Abstract
In late 2024, Netflix made a bet: consolidate the vast majority of our relational database use cases onto a single engine: Amazon Aurora PostgreSQL. This talk uses Netflix’s Aurora PostgreSQL consolidation as a case study in platform engineering: how we turned risky, bespoke database migrations into a repeatable internal platform capability.
Over 12 months, we migrated 100+ unique workloads off a third-party, distributed, PostgreSQL-compatible store and onto Aurora PostgreSQL. The workloads varied widely in size, query patterns, availability requirements, and team risk tolerance, including use cases with tens of terabytes of data and business-critical traffic. To make this tractable, we built a migration platform that standardized the common path while preserving escape hatches for the hard cases: automated data movement, byte-for-byte validation, resumable workflows and transparent cutovers with only single-digit minutes of write downtime.
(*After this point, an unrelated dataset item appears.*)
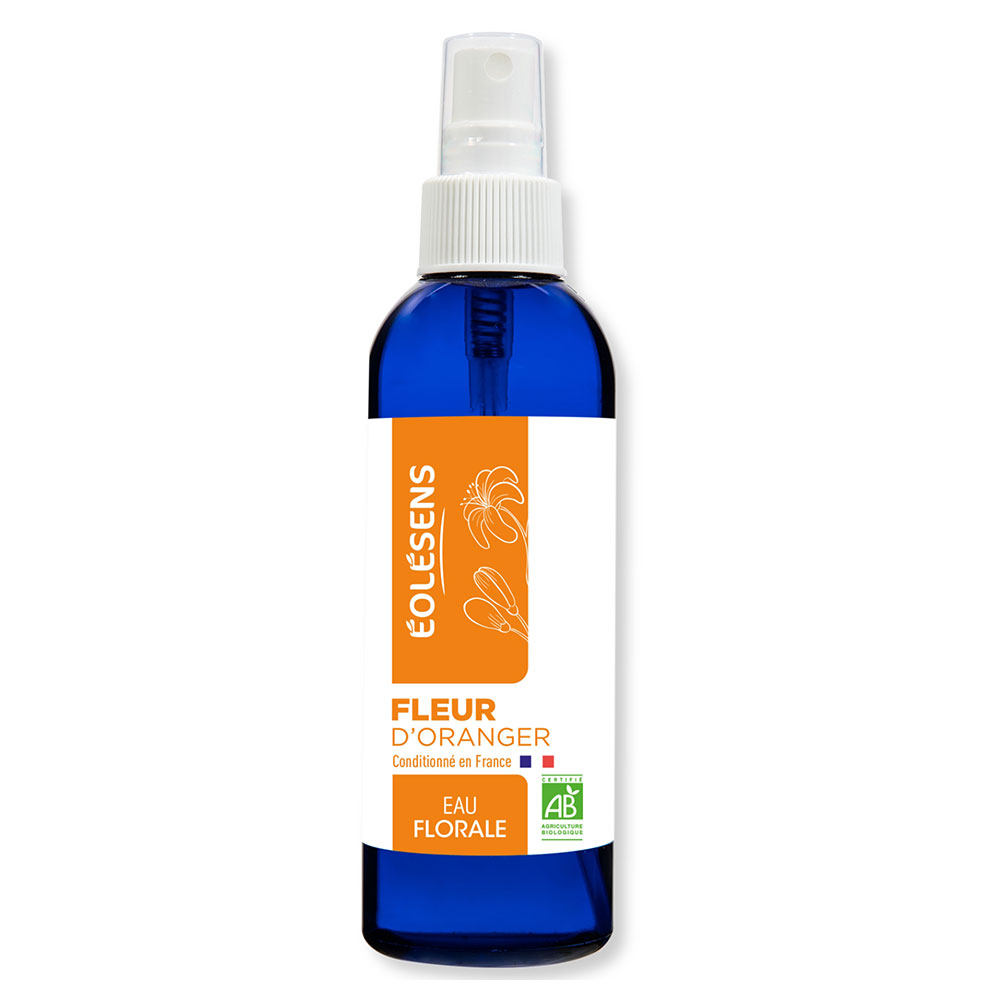 Eolesens Fleur d'Oranger Floral Water Bioes 200ml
We’ll cover both the technical and organizational sides of the effort: how we minimized application-team churn, built confidence in our tooling, worked with external and internal partners, and coordinated a high-risk infrastructure change across hundreds of stakeholders without turning the platform team into a blocking approval gate.
Takeaways:
- How to turn a large migration program into an internal platform capability with reusable tooling, standardized workflows, and clear escape hatches.
- How to migrate business-critical relational workloads with near-zero downtime while keeping application-team effort low.
- How to build trust in migration tooling through validation harnesses, byte-for-byte correctness checks, resumable execution, and cutovers.
- How to make build-vs-buy decisions when vendor tools and internal platform requirements do not fully overlap.
- How to coordinate a high-risk infrastructure change across many teams without adding overhead for developer teams.